Short text fragments from websites:
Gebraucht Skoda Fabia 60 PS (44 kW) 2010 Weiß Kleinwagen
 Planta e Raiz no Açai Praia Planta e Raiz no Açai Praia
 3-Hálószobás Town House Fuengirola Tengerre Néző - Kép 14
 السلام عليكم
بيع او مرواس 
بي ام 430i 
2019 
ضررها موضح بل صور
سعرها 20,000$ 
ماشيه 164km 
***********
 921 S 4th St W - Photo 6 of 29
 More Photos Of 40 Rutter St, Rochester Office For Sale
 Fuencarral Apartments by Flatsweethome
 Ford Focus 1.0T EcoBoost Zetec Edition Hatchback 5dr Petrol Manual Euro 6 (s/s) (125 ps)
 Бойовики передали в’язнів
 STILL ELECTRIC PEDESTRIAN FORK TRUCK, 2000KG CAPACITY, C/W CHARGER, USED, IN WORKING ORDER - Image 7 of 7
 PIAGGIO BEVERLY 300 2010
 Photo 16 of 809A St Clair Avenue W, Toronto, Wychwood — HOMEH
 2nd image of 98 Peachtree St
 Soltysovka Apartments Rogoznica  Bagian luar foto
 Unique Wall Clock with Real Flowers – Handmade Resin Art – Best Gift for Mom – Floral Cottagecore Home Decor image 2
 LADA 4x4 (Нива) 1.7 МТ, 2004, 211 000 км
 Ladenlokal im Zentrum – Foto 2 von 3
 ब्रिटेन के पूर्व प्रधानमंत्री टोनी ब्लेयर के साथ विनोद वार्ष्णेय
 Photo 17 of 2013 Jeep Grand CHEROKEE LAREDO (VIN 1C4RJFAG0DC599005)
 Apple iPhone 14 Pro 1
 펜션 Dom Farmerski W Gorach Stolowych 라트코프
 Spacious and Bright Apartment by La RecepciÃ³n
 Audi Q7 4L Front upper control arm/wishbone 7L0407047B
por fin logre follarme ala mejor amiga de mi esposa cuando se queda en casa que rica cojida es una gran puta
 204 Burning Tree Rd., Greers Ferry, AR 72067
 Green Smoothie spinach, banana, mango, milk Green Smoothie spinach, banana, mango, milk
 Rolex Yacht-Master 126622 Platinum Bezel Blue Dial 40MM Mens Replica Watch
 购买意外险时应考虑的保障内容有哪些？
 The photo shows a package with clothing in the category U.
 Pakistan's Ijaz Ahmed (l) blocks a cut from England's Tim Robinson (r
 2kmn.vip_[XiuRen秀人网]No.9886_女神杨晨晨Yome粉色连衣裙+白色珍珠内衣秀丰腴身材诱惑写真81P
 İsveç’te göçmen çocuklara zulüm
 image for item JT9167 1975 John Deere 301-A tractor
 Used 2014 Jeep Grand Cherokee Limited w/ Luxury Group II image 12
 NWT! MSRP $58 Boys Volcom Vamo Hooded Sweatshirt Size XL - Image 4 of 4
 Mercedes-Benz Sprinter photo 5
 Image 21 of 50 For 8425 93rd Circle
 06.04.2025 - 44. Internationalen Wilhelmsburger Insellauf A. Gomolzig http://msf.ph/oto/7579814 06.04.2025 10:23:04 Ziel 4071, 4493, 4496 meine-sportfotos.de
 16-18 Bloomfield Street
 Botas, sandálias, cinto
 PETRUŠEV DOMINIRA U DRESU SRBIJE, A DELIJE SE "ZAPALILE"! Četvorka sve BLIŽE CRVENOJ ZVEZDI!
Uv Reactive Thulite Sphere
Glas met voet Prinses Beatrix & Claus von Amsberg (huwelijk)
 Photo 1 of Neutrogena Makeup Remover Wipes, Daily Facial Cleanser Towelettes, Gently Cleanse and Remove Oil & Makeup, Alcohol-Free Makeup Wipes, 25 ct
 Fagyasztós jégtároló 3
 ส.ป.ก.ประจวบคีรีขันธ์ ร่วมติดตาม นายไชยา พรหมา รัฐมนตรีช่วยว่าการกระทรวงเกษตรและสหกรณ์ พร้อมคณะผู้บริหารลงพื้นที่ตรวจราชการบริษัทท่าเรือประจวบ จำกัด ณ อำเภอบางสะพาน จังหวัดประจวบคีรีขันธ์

> [Your objective]:
When you reach the line with "سعرها 20,000$" in the records above, start writing out lines exactly, and stop once the line with "Soltysovka Apartments Rogoznica" has been written; include nothing else.

> [Task response]:
سعرها 20,000$ 
ماشيه 164km 
***********
 921 S 4th St W - Photo 6 of 29
 More Photos Of 40 Rutter St, Rochester Office For Sale
 Fuencarral Apartments by Flatsweethome
 Ford Focus 1.0T EcoBoost Zetec Edition Hatchback 5dr Petrol Manual Euro 6 (s/s) (125 ps)
 Бойовики передали в’язнів
 STILL ELECTRIC PEDESTRIAN FORK TRUCK, 2000KG CAPACITY, C/W CHARGER, USED, IN WORKING ORDER - Image 7 of 7
 PIAGGIO BEVERLY 300 2010
 Photo 16 of 809A St Clair Avenue W, Toronto, Wychwood — HOMEH
 2nd image of 98 Peachtree St
 Soltysovka Apartments Rogoznica  Bagian luar foto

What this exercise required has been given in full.